> Problem details:
All of the data should be restated word for word.

(Input Opens)

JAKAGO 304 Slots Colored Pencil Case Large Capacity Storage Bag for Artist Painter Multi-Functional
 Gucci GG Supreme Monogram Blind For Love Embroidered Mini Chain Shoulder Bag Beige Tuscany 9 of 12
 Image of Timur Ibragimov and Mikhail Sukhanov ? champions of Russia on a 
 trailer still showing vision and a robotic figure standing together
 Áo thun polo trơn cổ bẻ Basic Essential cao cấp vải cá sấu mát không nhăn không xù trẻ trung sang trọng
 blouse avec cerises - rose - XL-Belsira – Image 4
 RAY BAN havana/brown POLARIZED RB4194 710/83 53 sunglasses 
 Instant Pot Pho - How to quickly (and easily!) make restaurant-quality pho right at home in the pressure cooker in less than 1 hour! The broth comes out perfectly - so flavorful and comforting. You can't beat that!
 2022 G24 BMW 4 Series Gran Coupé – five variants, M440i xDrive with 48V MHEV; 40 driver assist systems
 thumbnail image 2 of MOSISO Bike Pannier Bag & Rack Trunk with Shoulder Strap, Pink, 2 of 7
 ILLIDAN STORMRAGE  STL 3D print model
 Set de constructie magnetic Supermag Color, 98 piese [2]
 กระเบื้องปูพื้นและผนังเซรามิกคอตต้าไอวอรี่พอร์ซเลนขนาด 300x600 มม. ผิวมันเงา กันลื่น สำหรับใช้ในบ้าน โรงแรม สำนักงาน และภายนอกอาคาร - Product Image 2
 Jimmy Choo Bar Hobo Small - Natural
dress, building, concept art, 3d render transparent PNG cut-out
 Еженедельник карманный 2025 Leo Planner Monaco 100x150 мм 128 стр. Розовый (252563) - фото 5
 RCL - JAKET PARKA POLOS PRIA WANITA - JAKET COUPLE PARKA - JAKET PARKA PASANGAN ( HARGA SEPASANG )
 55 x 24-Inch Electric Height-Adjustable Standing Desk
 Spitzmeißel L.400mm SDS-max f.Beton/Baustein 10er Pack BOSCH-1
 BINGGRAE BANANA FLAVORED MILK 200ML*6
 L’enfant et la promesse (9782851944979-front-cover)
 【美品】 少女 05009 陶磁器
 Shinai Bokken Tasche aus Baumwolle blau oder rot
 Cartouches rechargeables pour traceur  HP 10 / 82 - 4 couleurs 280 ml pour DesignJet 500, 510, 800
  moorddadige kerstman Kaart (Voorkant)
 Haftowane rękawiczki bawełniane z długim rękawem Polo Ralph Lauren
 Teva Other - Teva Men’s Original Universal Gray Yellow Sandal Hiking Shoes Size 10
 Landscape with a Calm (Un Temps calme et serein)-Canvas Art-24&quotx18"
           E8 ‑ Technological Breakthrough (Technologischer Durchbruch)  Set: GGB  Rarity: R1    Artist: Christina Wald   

(Input Closes)

> Exercise output:
JAKAGO 304 Slots Colored Pencil Case Large Capacity Storage Bag for Artist Painter Multi-Functional
 Gucci GG Supreme Monogram Blind For Love Embroidered Mini Chain Shoulder Bag Beige Tuscany 9 of 12
 Image of Timur Ibragimov and Mikhail Sukhanov ? champions of Russia on a 
 trailer still showing vision and a robotic figure standing together
 Áo thun polo trơn cổ bẻ Basic Essential cao cấp vải cá sấu mát không nhăn không xù trẻ trung sang trọng
 blouse avec cerises - rose - XL-Belsira – Image 4
 RAY BAN havana/brown POLARIZED RB4194 710/83 53 sunglasses 
 Instant Pot Pho - How to quickly (and easily!) make restaurant-quality pho right at home in the pressure cooker in less than 1 hour! The broth comes out perfectly - so flavorful and comforting. You can't beat that!
 2022 G24 BMW 4 Series Gran Coupé – five variants, M440i xDrive with 48V MHEV; 40 driver assist systems
 thumbnail image 2 of MOSISO Bike Pannier Bag & Rack Trunk with Shoulder Strap, Pink, 2 of 7
 ILLIDAN STORMRAGE  STL 3D print model
 Set de constructie magnetic Supermag Color, 98 piese [2]
 กระเบื้องปูพื้นและผนังเซรามิกคอตต้าไอวอรี่พอร์ซเลนขนาด 300x600 มม. ผิวมันเงา กันลื่น สำหรับใช้ในบ้าน โรงแรม สำนักงาน และภายนอกอาคาร - Product Image 2
 Jimmy Choo Bar Hobo Small - Natural
dress, building, concept art, 3d render transparent PNG cut-out
 Еженедельник карманный 2025 Leo Planner Monaco 100x150 мм 128 стр. Розовый (252563) - фото 5
 RCL - JAKET PARKA POLOS PRIA WANITA - JAKET COUPLE PARKA - JAKET PARKA PASANGAN ( HARGA SEPASANG )
 55 x 24-Inch Electric Height-Adjustable Standing Desk
 Spitzmeißel L.400mm SDS-max f.Beton/Baustein 10er Pack BOSCH-1
 BINGGRAE BANANA FLAVORED MILK 200ML*6
 L’enfant et la promesse (9782851944979-front-cover)
 【美品】 少女 05009 陶磁器
 Shinai Bokken Tasche aus Baumwolle blau oder rot
 Cartouches rechargeables pour traceur  HP 10 / 82 - 4 couleurs 280 ml pour DesignJet 500, 510, 800
  moorddadige kerstman Kaart (Voorkant)
 Haftowane rękawiczki bawełniane z długim rękawem Polo Ralph Lauren
 Teva Other - Teva Men’s Original Universal Gray Yellow Sandal Hiking Shoes Size 10
 Landscape with a Calm (Un Temps calme et serein)-Canvas Art-24&quotx18"
           E8 ‑ Technological Breakthrough (Technologischer Durchbruch)  Set: GGB  Rarity: R1    Artist: Christina Wald   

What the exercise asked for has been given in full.